Ludwig

In the 1860s, a German immigrant named John Ludwig located copper ore in the Singatse Range. A small amount of production was made from 1865 until 1868, and in 1881 Ludwig managed to finance a small smelter. Unfortunately it proved to be a failure and Ludwig went bankrupt. In 1907, the old Ludwig mine was purchased by the Nevada-Douglas Copper Company, who purchased the nearby Douglas and Casting mines the year before. The Company began significant development, and the camp of Morningstar was laid out below; by 1911 that camp took on the older Ludwig name.

Work began on the new Nevada Copper Belt Railroad in 1909, with the intent of connecting the copper mines scattered about the Singatse Range to the Southern Pacific in Wabuska, and rails finally reached Ludwig in October 1911. A grand celebration marked Ludwig's "Railroad Day" on December 29, 1911.
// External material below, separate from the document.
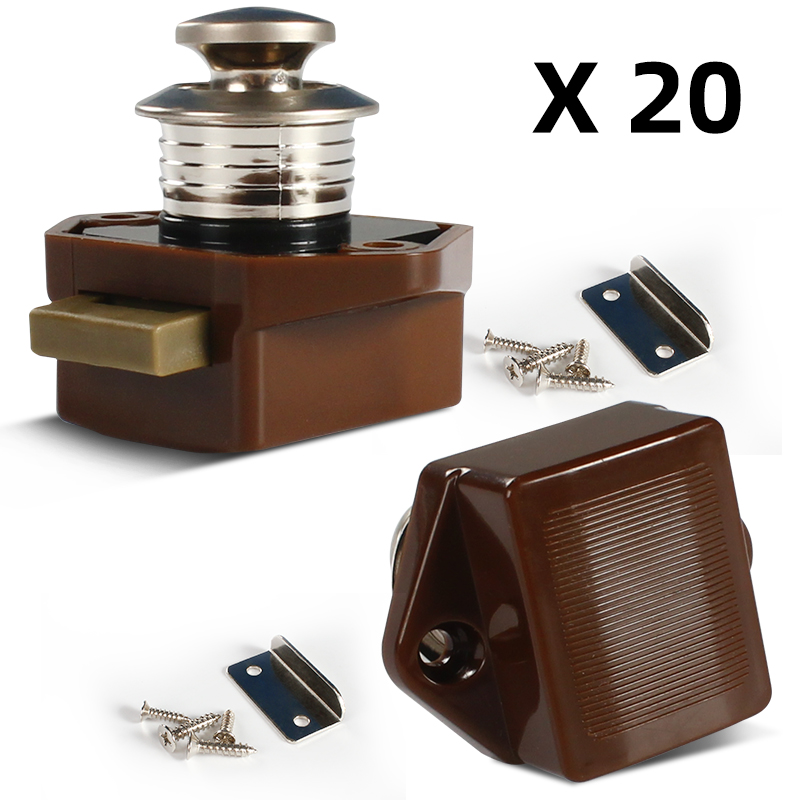 Maniglia con chiusura a pulsan - Door Lock recensione e prezzo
By 1912, several hundred people lived in Ludwig, a camp of sixty-five buildings including a school, hotel, store, and infirmary. Saloons and brothels appeared, too, but were located outside the proper townsite. The following year it peaked at 750, and in 1914 the Nevada-Douglas Company started work on a large leaching plant. The plant went into operation in 1917, but proved an expensive failure and closed the next year, and a decrease in mining thereafter led to Ludwig's decline. Passenger service on the NCB ended in 1919, with the tracks finally being placed out of service in 1933 (they were formally abandoned nine years later). Despite a small boost from gypsum mining in the 1920s and 30s, Ludwig soon joined the ranks of Nevada's many ghost towns.